The task - The lines from the one holding "Lusy - Cozy Knitted Retro Sweater" through the end of the records below are to be written out exactly, and nothing else; pictures are to be left out.

====

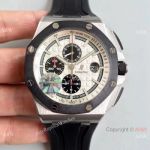 (JF) 1:1 Best Edition Audemars Piguet Royal Oak Offshore Swiss 3126 V2 Chronograph Watch Ceramic Bezel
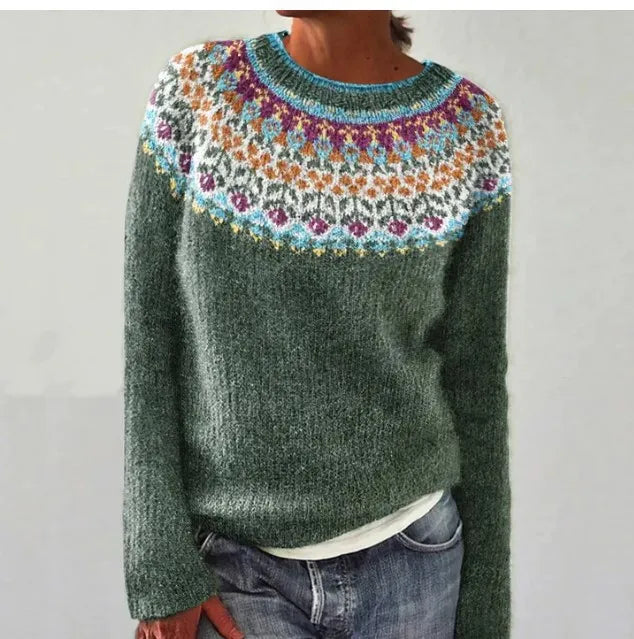 Lusy - Cozy Knitted Retro Sweater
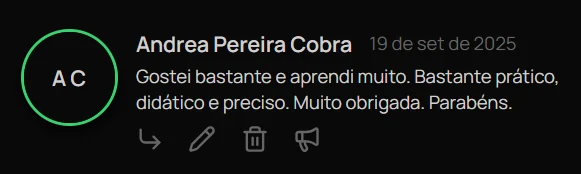 Depoimento de Andrea Pereira Cobra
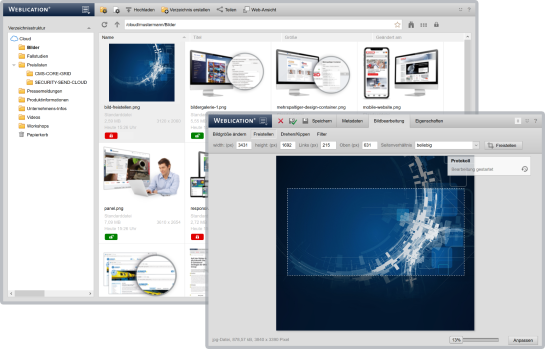 Mit Bildern arbeiten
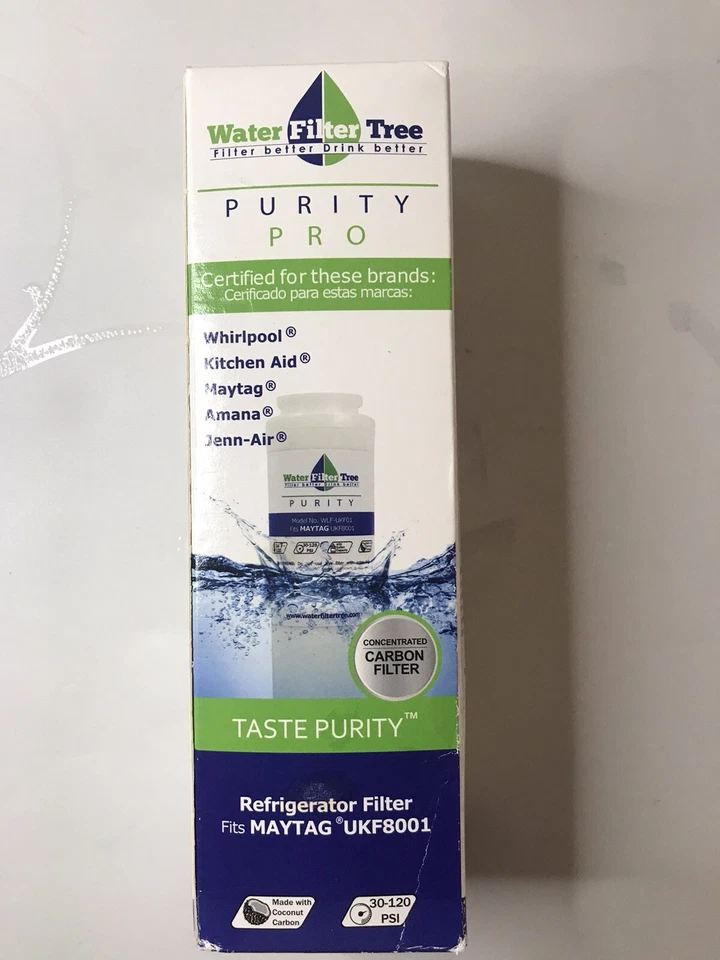 Filtro de agua Tree Purity Pro - Se adapta a Maytag UKF8001 filtro de refrigerador WLF-UKF01 Foto 2 de 3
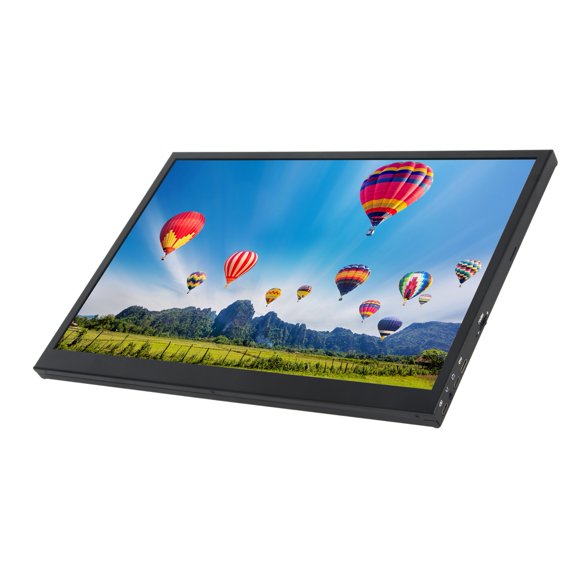 Portable Monitor, Gaming Monitor 60Hz Refreshness Rate 16:9 Contrast Ratio 17in  for PC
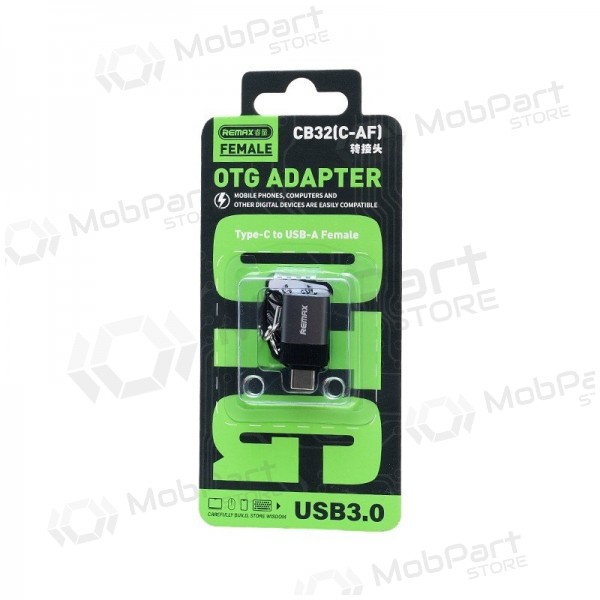 Προσαρμογέας USB-C Remax CB32 USB-C σε USB-A OTG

====

Result for this exercise -
 Lusy - Cozy Knitted Retro Sweater
 Depoimento de Andrea Pereira Cobra
 Mit Bildern arbeiten
 Filtro de agua Tree Purity Pro - Se adapta a Maytag UKF8001 filtro de refrigerador WLF-UKF01 Foto 2 de 3
 Portable Monitor, Gaming Monitor 60Hz Refreshness Rate 16:9 Contrast Ratio 17in  for PC
 Προσαρμογέας USB-C Remax CB32 USB-C σε USB-A OTG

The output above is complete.